Умирая, дед старался сначала обратить меня к богу.
— Помни создателя нашего господа бога, — говорил он мне, — пока юный ты, доколе не пришли тяжелые дни и жизнь тебе в удовольствие, доколе солнце светит тебе и свет луны и звезд видишь, пока на небе твоем не одни тучи да дождь, а и радость великая.
Потом в его мыслях появились новые нотки.
Однажды дед увидел в окно, как собака заглядывает в кувшин. Он позвал меня к себе:
— Погляди-ко, Ефимка, что собака-то делает.
— А что делает? Смотрит, нет ли чего-нибудь поесть.
— Экой ты какой. Она смотрит, что там, на дне кувшина. — Посмотрел на закопченный потолок бани и произнес: — Так и я туда, в небо, смотрю — что-то там будет? Знаешь, и страшно, и любопытство берет. Что-то там?!

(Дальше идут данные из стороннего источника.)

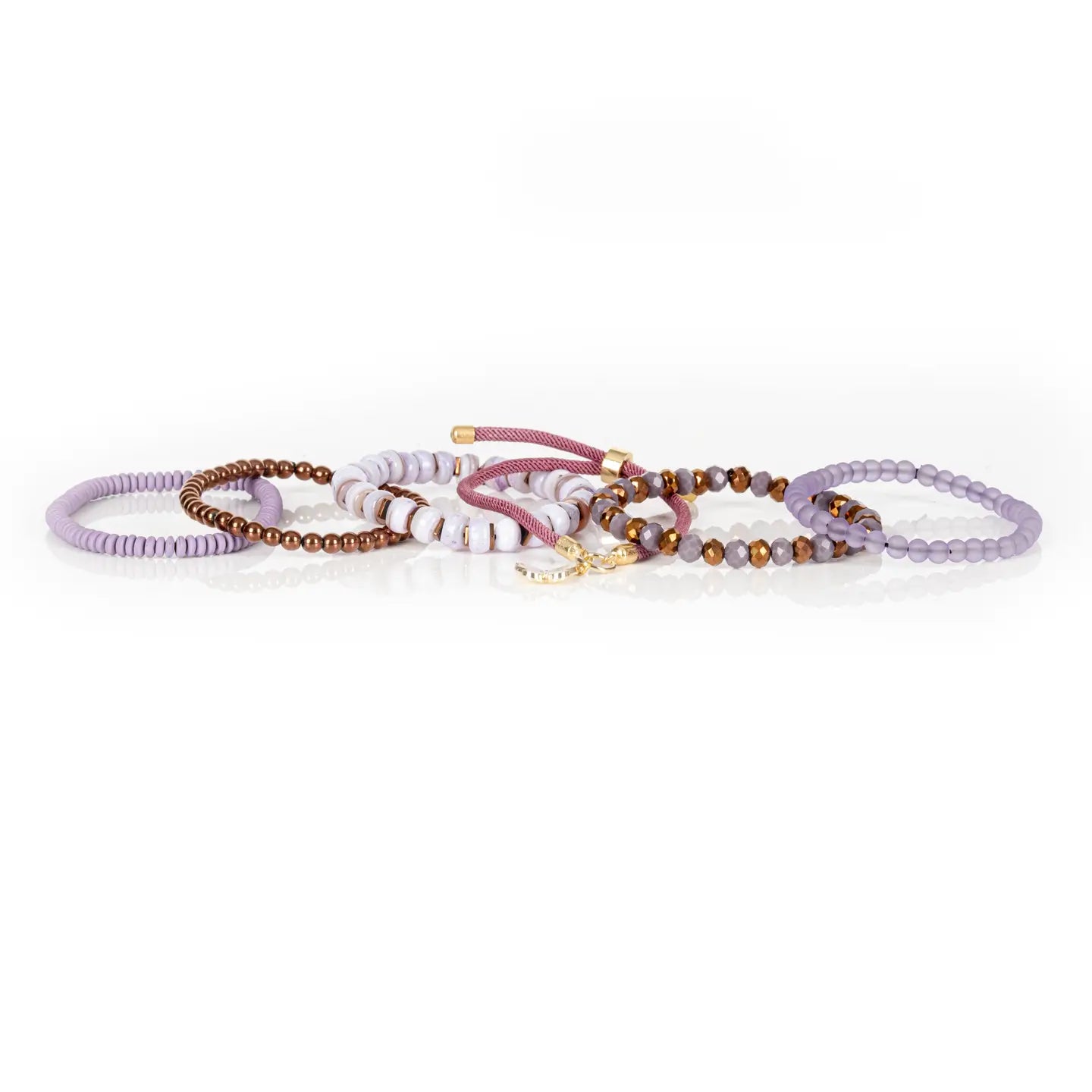 Lavender Blush & Rose Gold Butterfly Stack Bracelet Set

Другой раз солнце так ярко заиграло на лохмотьях деда, сквозь стекло пробившись в баню, что он начал говорить, как будто обращаясь не ко мне, а к самому солнцу:
— Не слышал, наверно, Ефимка? Рассказывают, будто мы летим вместе с солнцем незнамо куда. Одни люди умирают, другие приходят. И солнце всем жизнь дает. Вот ведь что.
Дед ворочался, вздыхал, видно, устал от разговора, потом снова заговорил:
— Я вот умру, а оно все будет кружить и кружить, греть да светить, греть да светить.
Когда деду становилось особенно тяжело, он, вздыхая, мечтал:
— Эх, зелья бы сейчас какого. Да видно, от смерти нет зелья.
Бабушка приносила брусочную воду из-под точила:
— Бабы бают, от лихорадки помогает.
Дед, скрипя зубами, выпивал серую мутную жидкость.
Приносили сибирскую соль, давали как проносное средство. Дед Селиверст Житов приносил кротовую кровь. Говорил, что помогает от всех недугов, от падучей особенно. Дед пил — не помогало. Он отрицательно качал головой:
— Нет, видно, от старости одно зелье — могила. Больному и золотая кровать не поможет.
Тетка Таня приносила разные настои трав: от ломоты, от кашля, от задоха. Поила его жидкостями разных цветов. Дед пил все, что давали, и спрашивал:
— А от зелья от твоего не умрешь?
Тетка Таня тоже в карман за словом не лезла:
— Не от зелья умирают — от смерти.
Иногда деда брызгали с ветру: входила в баню баба с улицы и обрызгивала больного изо рта водой.